Hamburg im Feuersturm (8): Ein Mädchen tanzt in den Flammen

Samstag, 13. Juli 2013

Vor 70 Jahren verwandeln Bombenangriffe Hamburg in eine Flammenhölle, aus der es für Zehntausende kein Entrinnen gibt.

„Zu welchen Mitteln andere auch greifen mögen, die Regierung Seiner Majestät wird niemals absichtlich Frauen und Kinder und andere Zivilisten zum Zwecke des bloßen Terrorismus angreifen“, verspricht Englands Premier Neville Chamberlain am 14. September 1939 vor dem Unterhaus.

Vier Jahre später, so der „Hamburg-Bericht“, stecken Bomber der Royal Air Force auf 56 Hektar im Südwesten der Stadt den größten Scheiterhaufen der Geschichte an: in sechs Stunden rasen zwei Milliarden Tonnen Luft als Feuersturm durch einen 8000 Meter hohen Luftschornstein, der Brand verzehrt die Energie von 100.000 Tonnen Holz.

„Die Schreckensszenen sind unbeschreiblich“, meldet der „Hamburg-Bericht“ aus dieser Nacht zum 28. Juli 1943. „Die Straßen waren mit Hunderten von Leichen bedeckt. Mütter mit ihren Kindern, Männer, Greise, verbrannt, verkohlt, unversehrt und bekleidet, nackend und in wächserner Blässe wie Schaufensterpuppen, lagen sie in jeder Stellung, ruhig und friedlich oder verkrampft, den Todeskampf im letzten Ausdruck des Gesichts.“

Schutzräume werden zur Todesfalle: „Es wird keiner Phantasie jemals gelingen können, die Szenen des Schreckens und des Grauens zu ermessen und zu beschreiben, die sich in zahlreichen verschütteten LS-Räumen abgespielt haben.“ Eine Phosphorbombe macht einen Keller am Grevenweg zur Flammenhölle, Soldaten geben sich den Gnadenschuss. Auf den Trümmern singt ein irrsinnig gewordenes Mädchen tanzend „Heimat deine Sterne“, bis es als Feuersäule verglüht.
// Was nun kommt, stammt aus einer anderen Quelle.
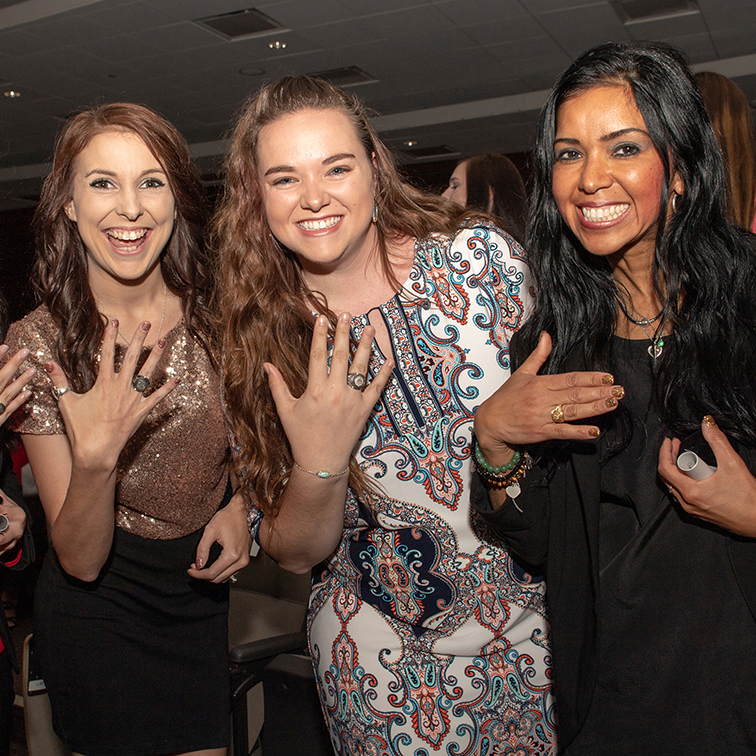 UHV students posing with their class rings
Im Zentrum des Feuersturms, im dicht bebauten Hammerbrook zwischen Spaldingstraße, Heidenkampsweg, Grüner Deich und Nagelsweg, leben vor dem Angriff 27 440 Menschen – danach sind es noch 66. Lazarettzüge mit Schwerverletzten rattern Richtung Thüringen. Mit weißem Chlorkalk überstäubte Lastwagen bringen Zehntausende Opfer zum Massengrab auf dem Ohlsdorfer Friedhof. Ostarbeiter und KZ-Häftlinge haben die Leichen aus den Ruinen geborgen. Sie werden die grausige Arbeit noch viele Monate tun. Der Hammerbrook wird Sperrgebiet, eine hohe Mauer trennt die Todeszone vom Rest der Stadt.
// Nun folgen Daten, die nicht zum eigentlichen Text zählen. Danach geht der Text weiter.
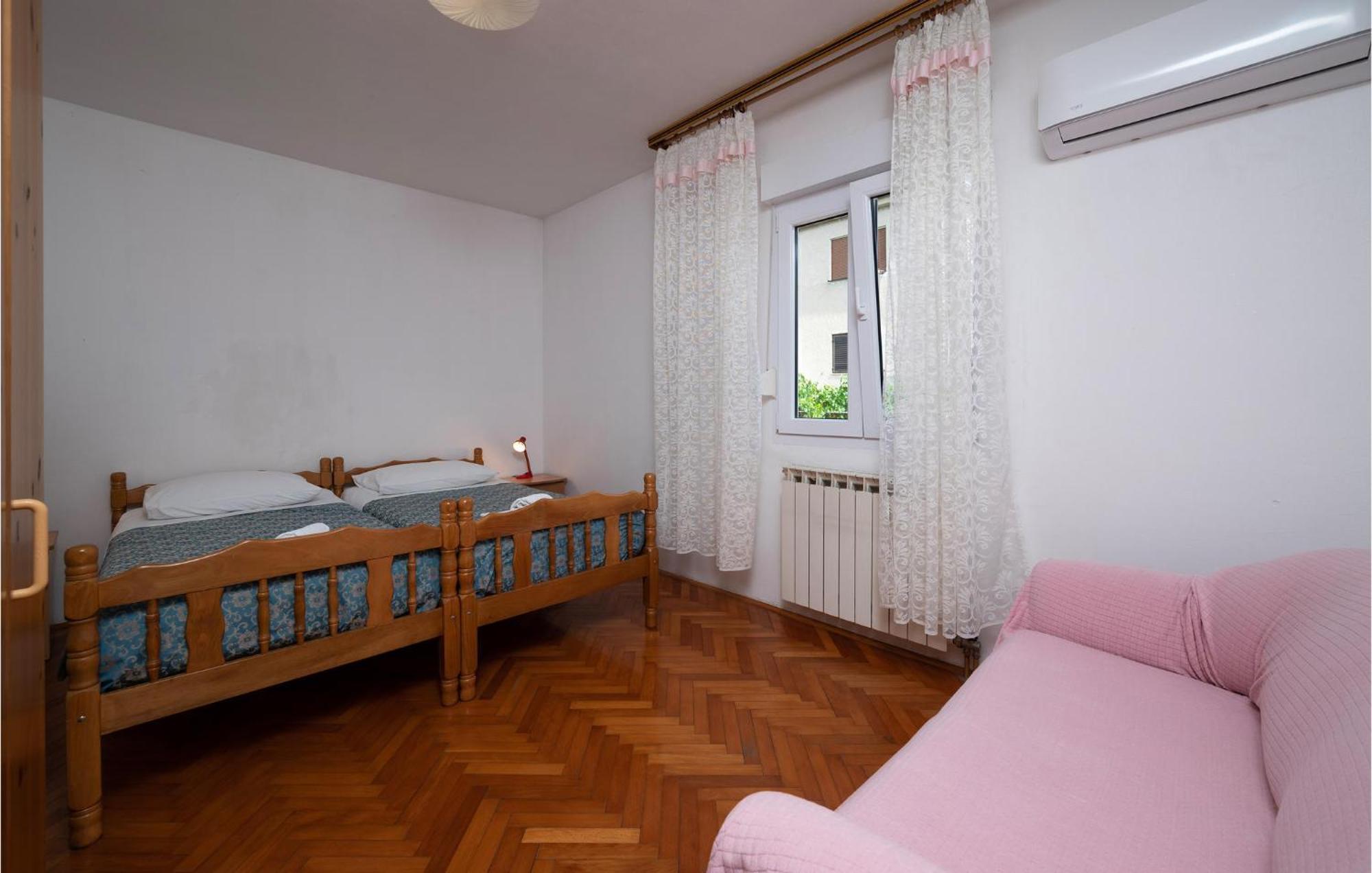 1 Bedroom Cozy Apartment In Pula Eksteriør billede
Der Terror geht weiter: In der Nacht zum Freitag, 30. Juli verwandeln 726 RAF-Maschinen Barmbek, Uhlenhorst und Winterhude in ein Flammenmeer. Um Barmbeker Markt und Hamburger Straße sinken sechs Quadratkilometer dicht besiedeltes Gebiet in Asche, Gebäudefronten brennen auf 167 Kilometern Länge. Nur weil inzwischen über eine Million Menschen aus Hamburg geflohen sind, bleibt die Zahl der Opfer mit etwa 1000 weit hinter den früheren Verlusten zurück. Das alte Barmbek aber ist ausradiert, 27 495 Häuser sind zerstört.

Beim letzten Großangriff der „Operation Gomorrha“ in der Nacht zum Dienstag, 3.August stören Gewitterstürme den Pulk aus 740 Bombern, und eine dichte Wolkendecke über Hamburg nimmt den Piloten die Sicht. Die Bomben fallen weit zerstreut, ein neuer Feuersturm bleibt aus. Es ist, als habe der Himmel endlich Mitleid mit der so schrecklich getroffenen Stadt.